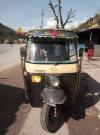 Sazgar Rickshaw  2014 For Sale in Muzaffarabad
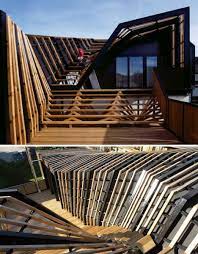 2592 x 1936 jpeg 2148 кб. Walk On The Wild Out Side 14 Stunning Exterior Staircases Urbanist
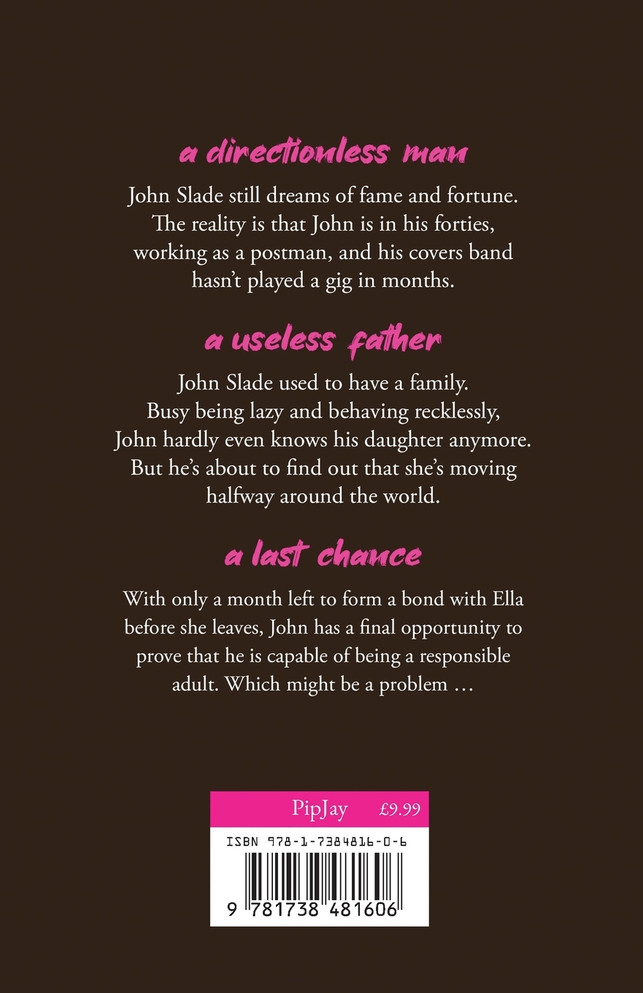 The Shame of John Slade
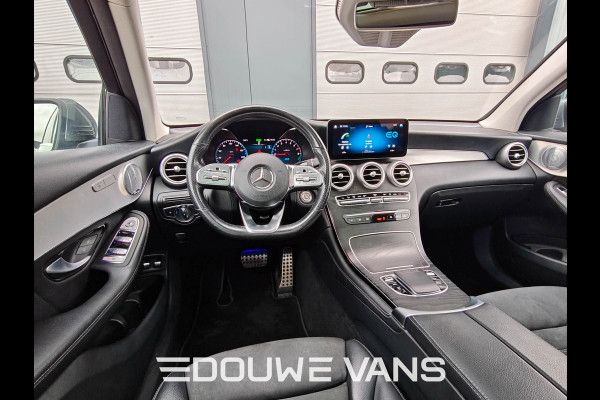 Mercedes-Benz GLC 300e 4MATIC Panorama Burmester 360 Camera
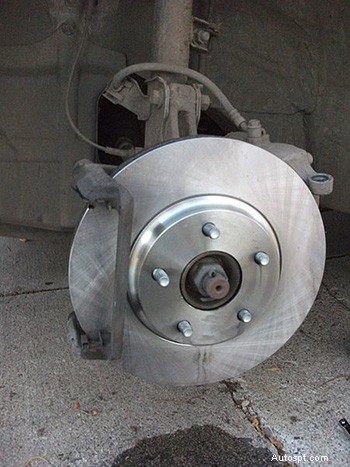 Brake Noise Alerts: Recognizing Warning Signs of Brake Trouble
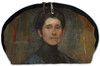 Self-portrait (1906)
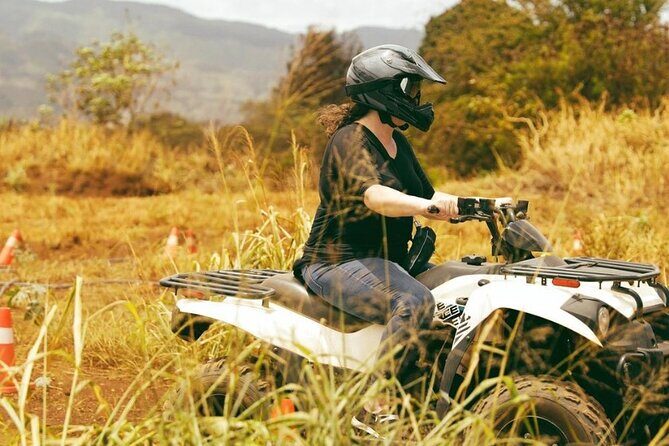 Oahu Beachfront ATV Adventure and Farm Tour - Frequently Asked Questions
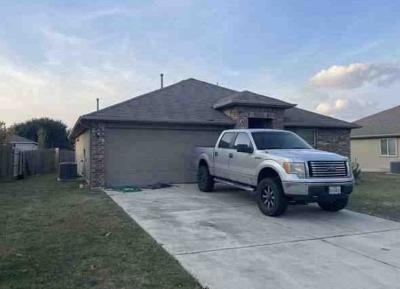 Musgrav, Kyle, Preforeclosure Property In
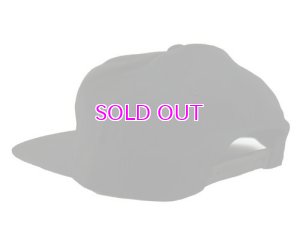 画像3: upriseMARKET Promotional Copy Snapback Cap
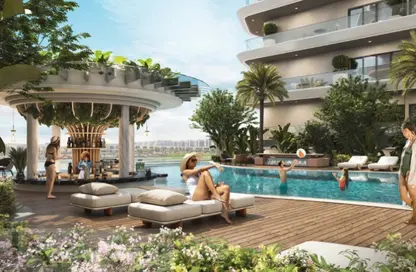 Apartment - 1 Bedroom - 1 Bathroom for sale in Elo - Damac Hills 2 - Dubai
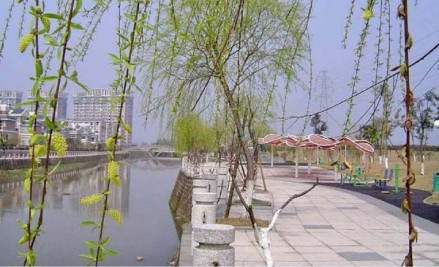 柔石公园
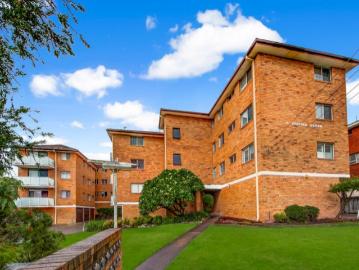 Apartment to rent in New South Wales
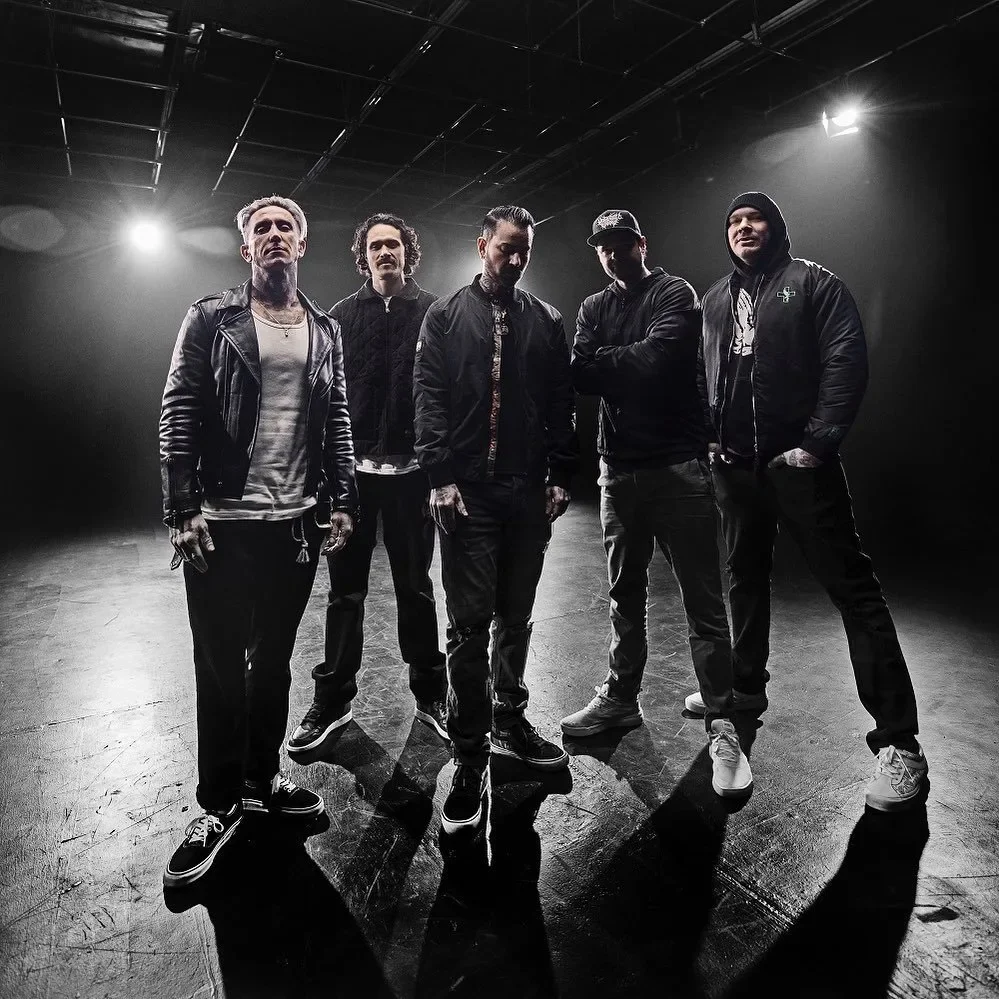 Hollywood Undead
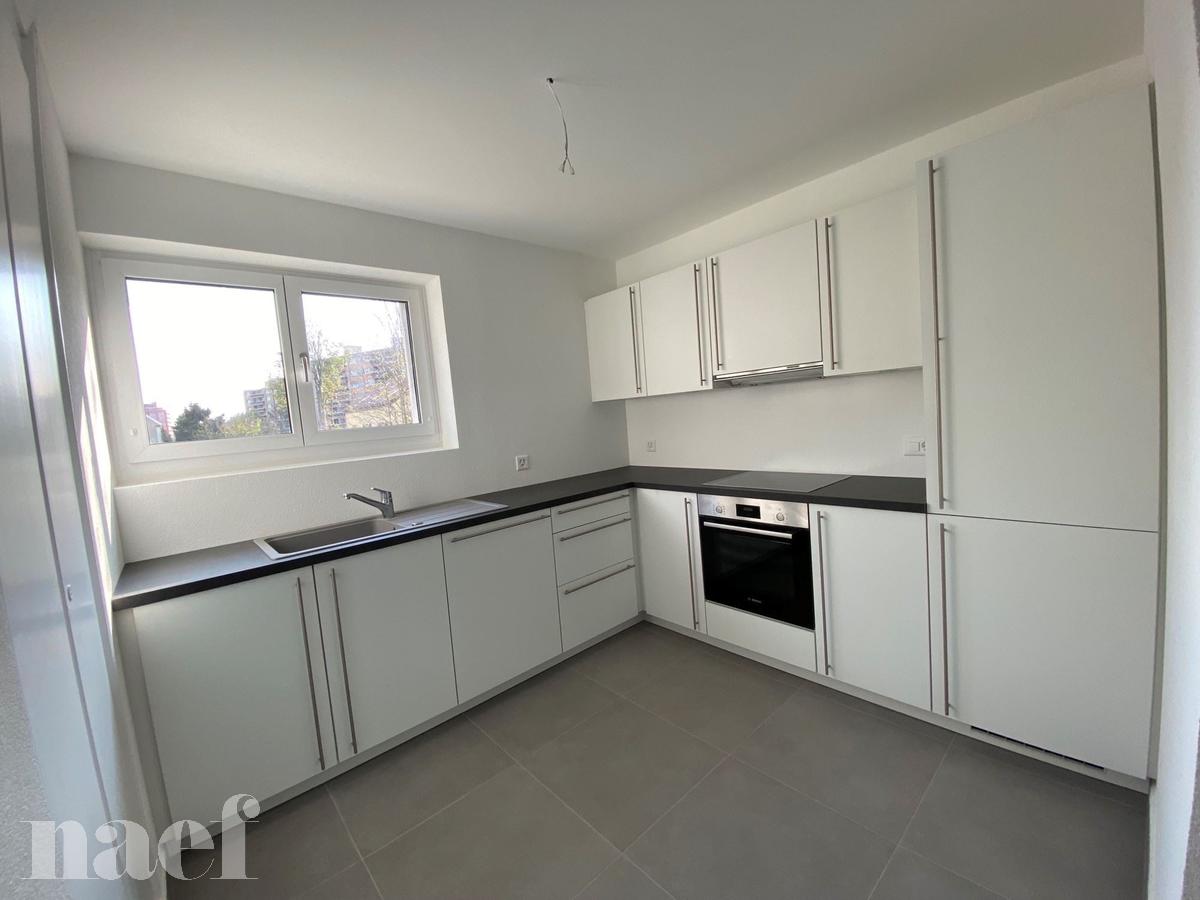 À louer : Appartement 4 Pieces La Chaux-de-Fonds - Ref : 276304.1002 | Naef Immobilier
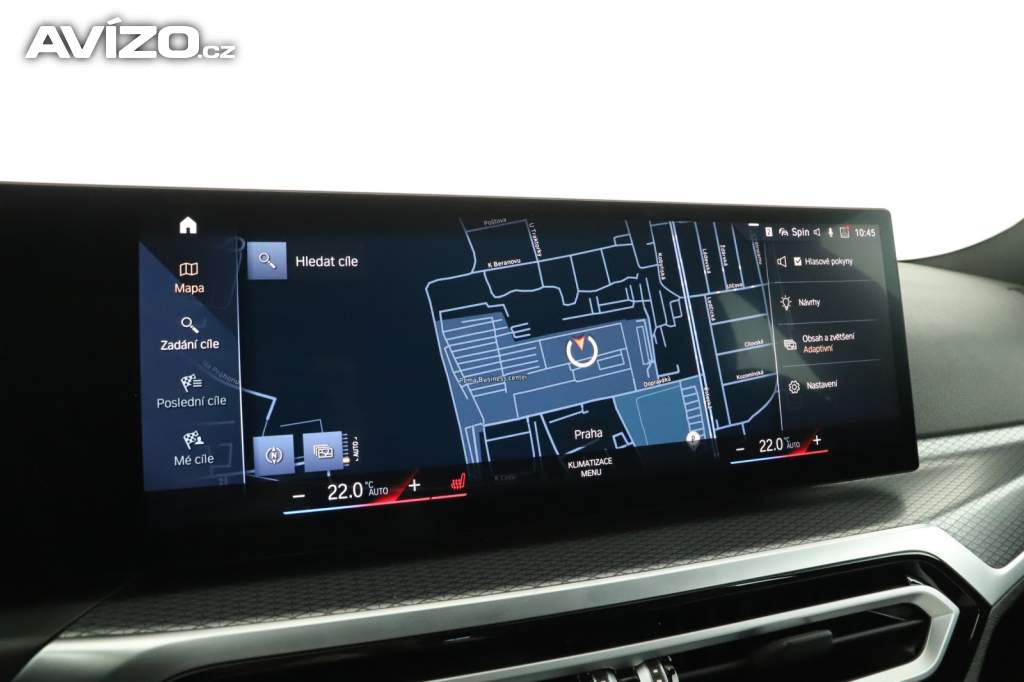 Foto inzerátu BMW 3 320 d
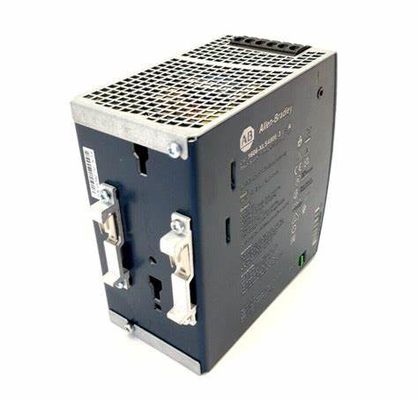 ALLEN BRADLEY PLC Products 1606-XLS480E Электроснабжение переключенного режима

______

## Activity
Nothing but the pictures is to be left out; repeat the data exactly.

## Solved problem
 Sazgar Rickshaw  2014 For Sale in Muzaffarabad
 2592 x 1936 jpeg 2148 кб. Walk On The Wild Out Side 14 Stunning Exterior Staircases Urbanist
 The Shame of John Slade
 Mercedes-Benz GLC 300e 4MATIC Panorama Burmester 360 Camera
 Brake Noise Alerts: Recognizing Warning Signs of Brake Trouble
 Self-portrait (1906)
 Oahu Beachfront ATV Adventure and Farm Tour - Frequently Asked Questions
 Musgrav, Kyle, Preforeclosure Property In
 画像3: upriseMARKET Promotional Copy Snapback Cap
 Apartment - 1 Bedroom - 1 Bathroom for sale in Elo - Damac Hills 2 - Dubai
 柔石公园
 Apartment to rent in New South Wales
 Hollywood Undead
 À louer : Appartement 4 Pieces La Chaux-de-Fonds - Ref : 276304.1002 | Naef Immobilier
 Foto inzerátu BMW 3 320 d
 ALLEN BRADLEY PLC Products 1606-XLS480E Электроснабжение переключенного режима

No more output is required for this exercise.